+++ Input data +++

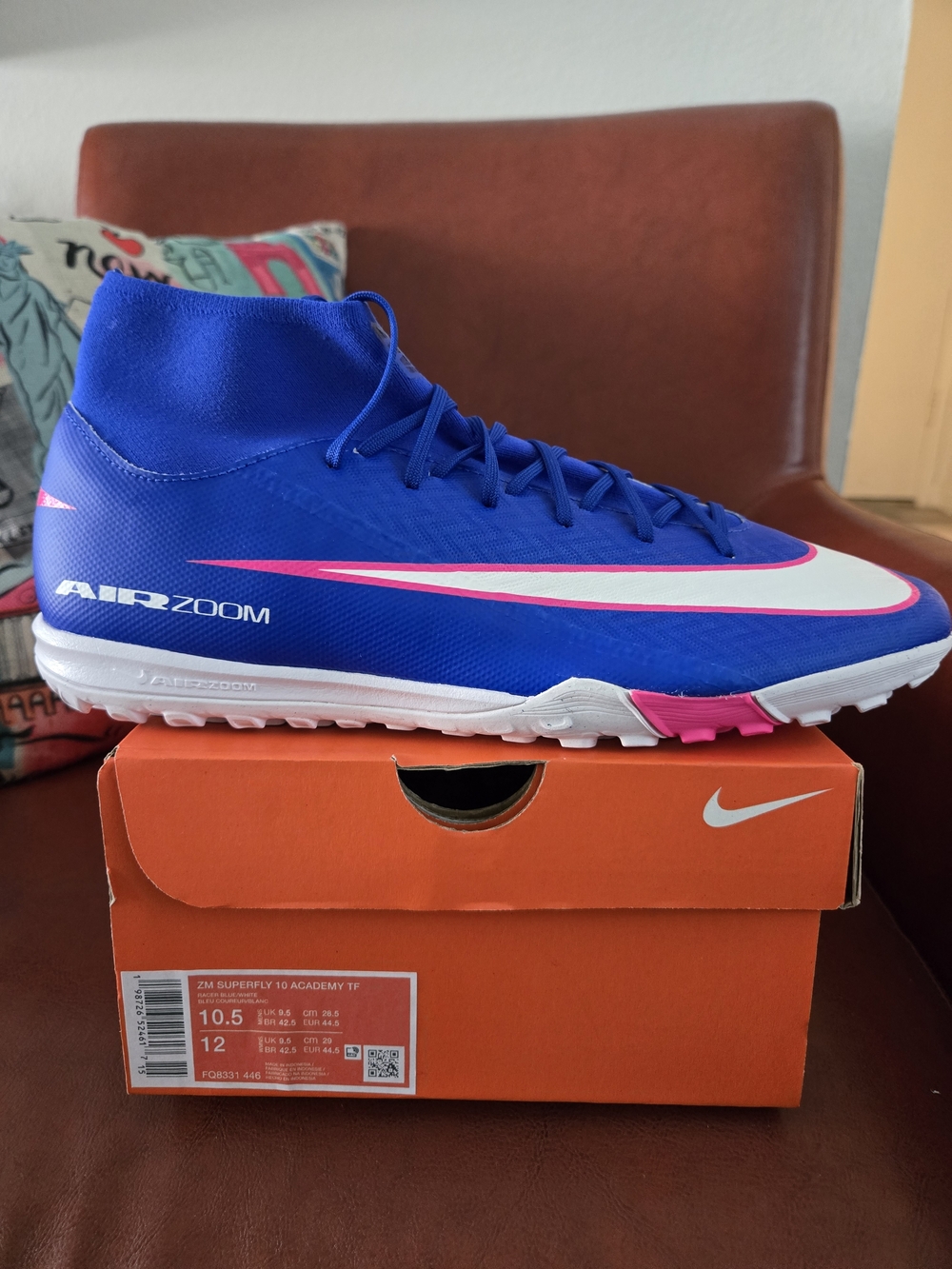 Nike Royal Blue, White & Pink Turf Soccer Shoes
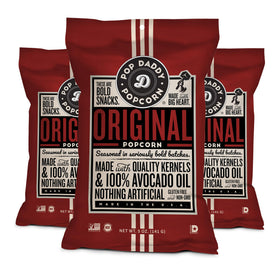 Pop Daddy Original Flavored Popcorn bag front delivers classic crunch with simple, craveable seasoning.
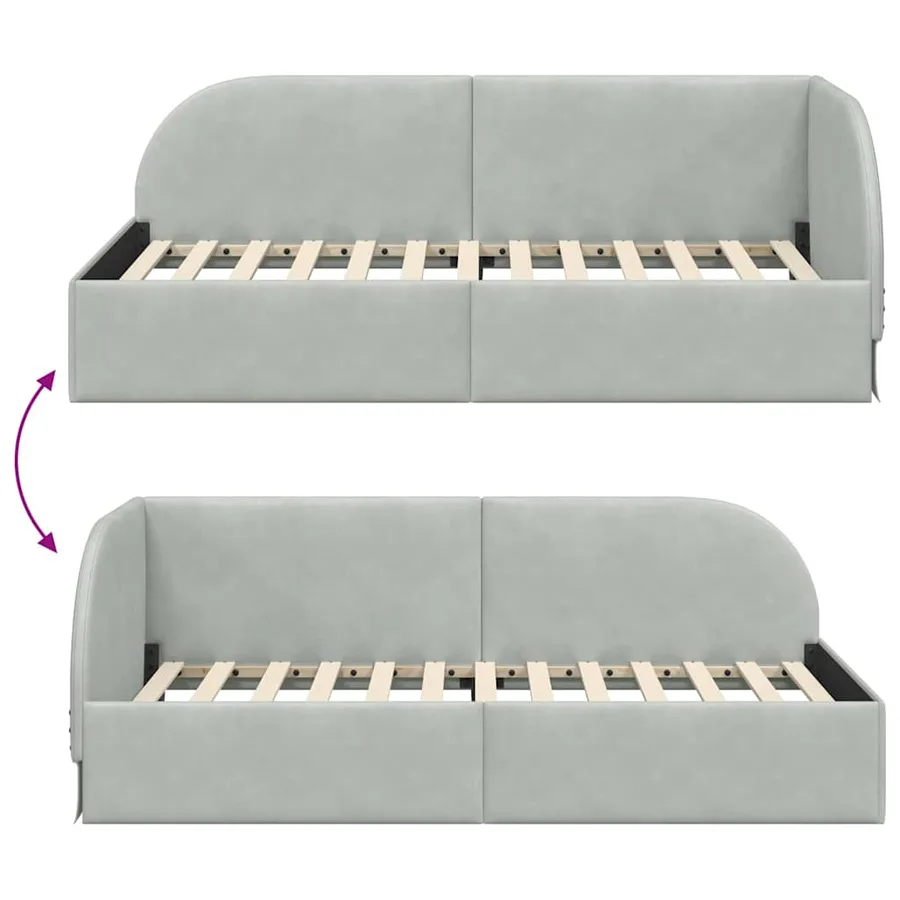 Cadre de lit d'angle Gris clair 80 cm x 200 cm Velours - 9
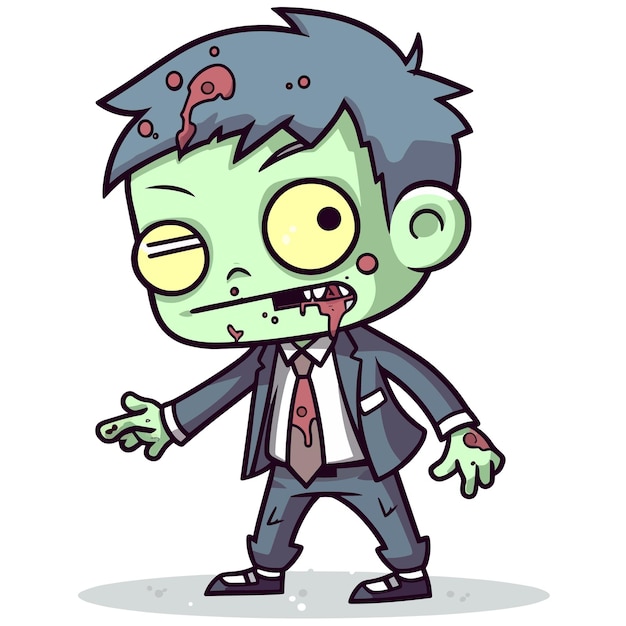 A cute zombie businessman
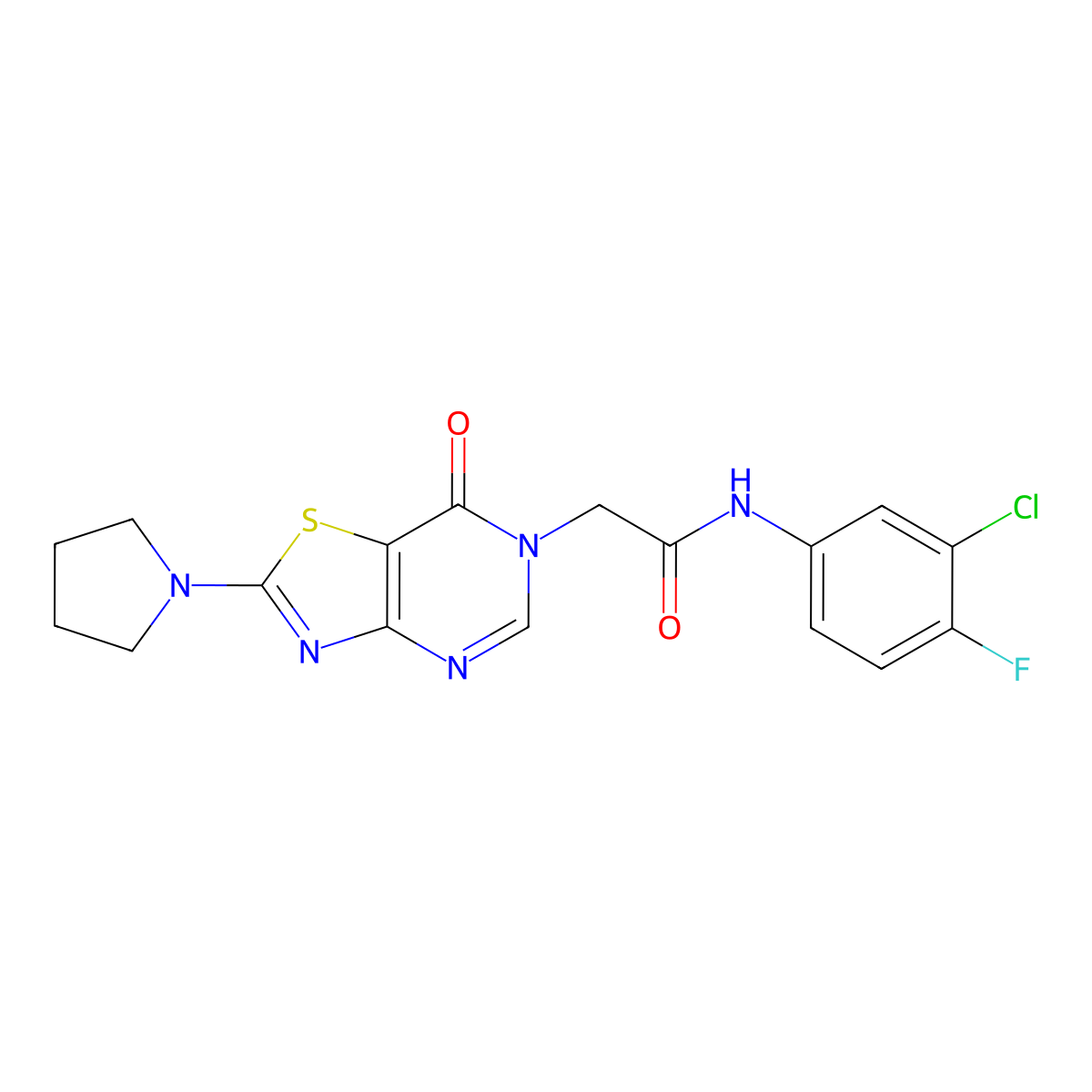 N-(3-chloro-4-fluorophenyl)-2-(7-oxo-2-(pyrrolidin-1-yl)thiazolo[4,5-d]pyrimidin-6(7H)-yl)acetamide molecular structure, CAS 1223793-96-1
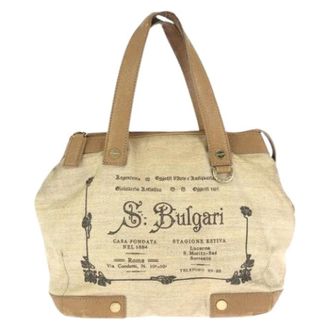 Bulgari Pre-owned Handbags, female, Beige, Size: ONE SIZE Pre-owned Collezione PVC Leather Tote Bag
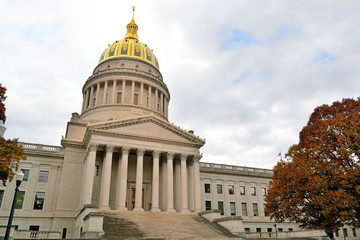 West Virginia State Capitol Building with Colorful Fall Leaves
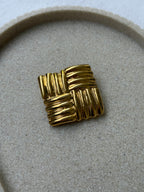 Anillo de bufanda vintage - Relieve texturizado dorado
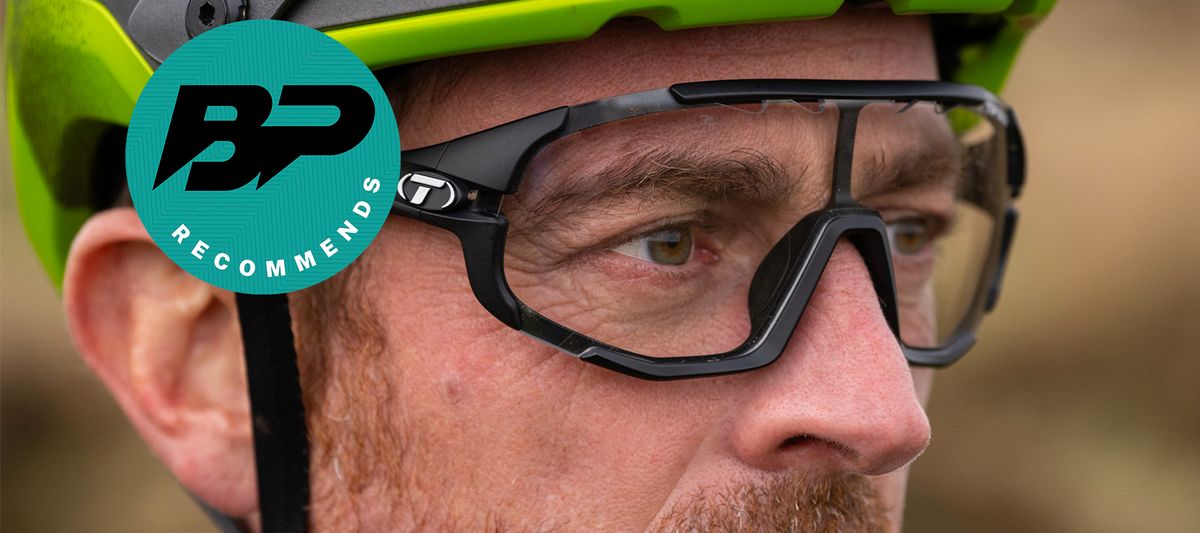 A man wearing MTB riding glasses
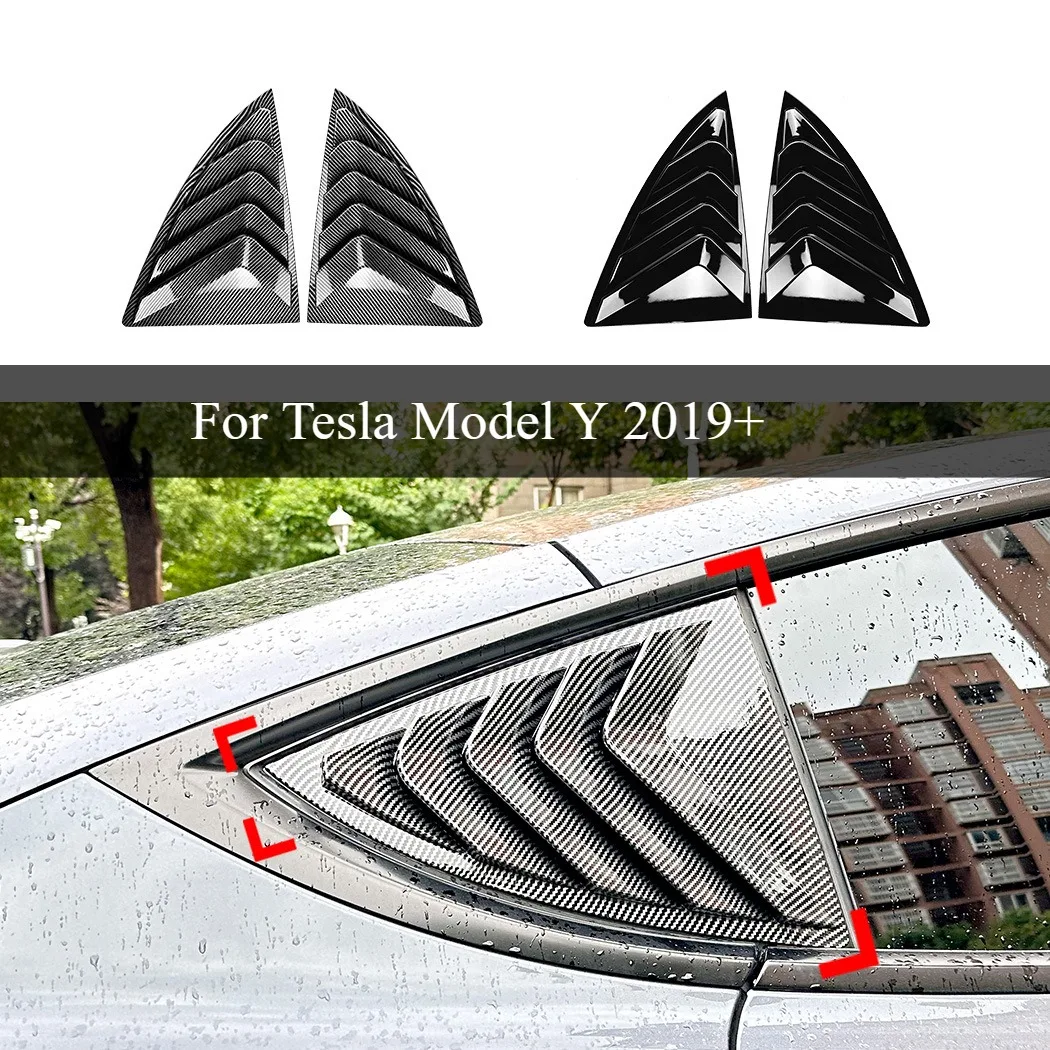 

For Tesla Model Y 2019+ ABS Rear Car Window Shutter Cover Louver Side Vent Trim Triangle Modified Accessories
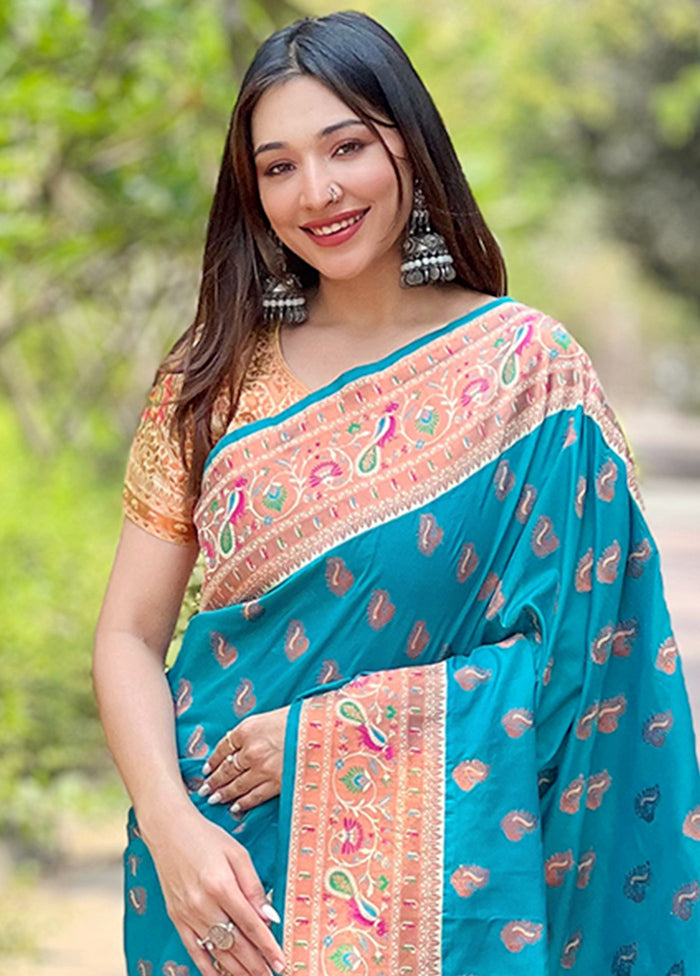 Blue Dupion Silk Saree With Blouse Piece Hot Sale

+++

Goal of the exercise: Everything in the records above should be printed again exactly, except the pictures.

Answer section:
 Nike Royal Blue, White & Pink Turf Soccer Shoes
 Pop Daddy Original Flavored Popcorn bag front delivers classic crunch with simple, craveable seasoning.
 Cadre de lit d'angle Gris clair 80 cm x 200 cm Velours - 9
 A cute zombie businessman
 N-(3-chloro-4-fluorophenyl)-2-(7-oxo-2-(pyrrolidin-1-yl)thiazolo[4,5-d]pyrimidin-6(7H)-yl)acetamide molecular structure, CAS 1223793-96-1
 Bulgari Pre-owned Handbags, female, Beige, Size: ONE SIZE Pre-owned Collezione PVC Leather Tote Bag
 West Virginia State Capitol Building with Colorful Fall Leaves
 Anillo de bufanda vintage - Relieve texturizado dorado
 A man wearing MTB riding glasses

For Tesla Model Y 2019+ ABS Rear Car Window Shutter Cover Louver Side Vent Trim Triangle Modified Accessories
 Blue Dupion Silk Saree With Blouse Piece Hot Sale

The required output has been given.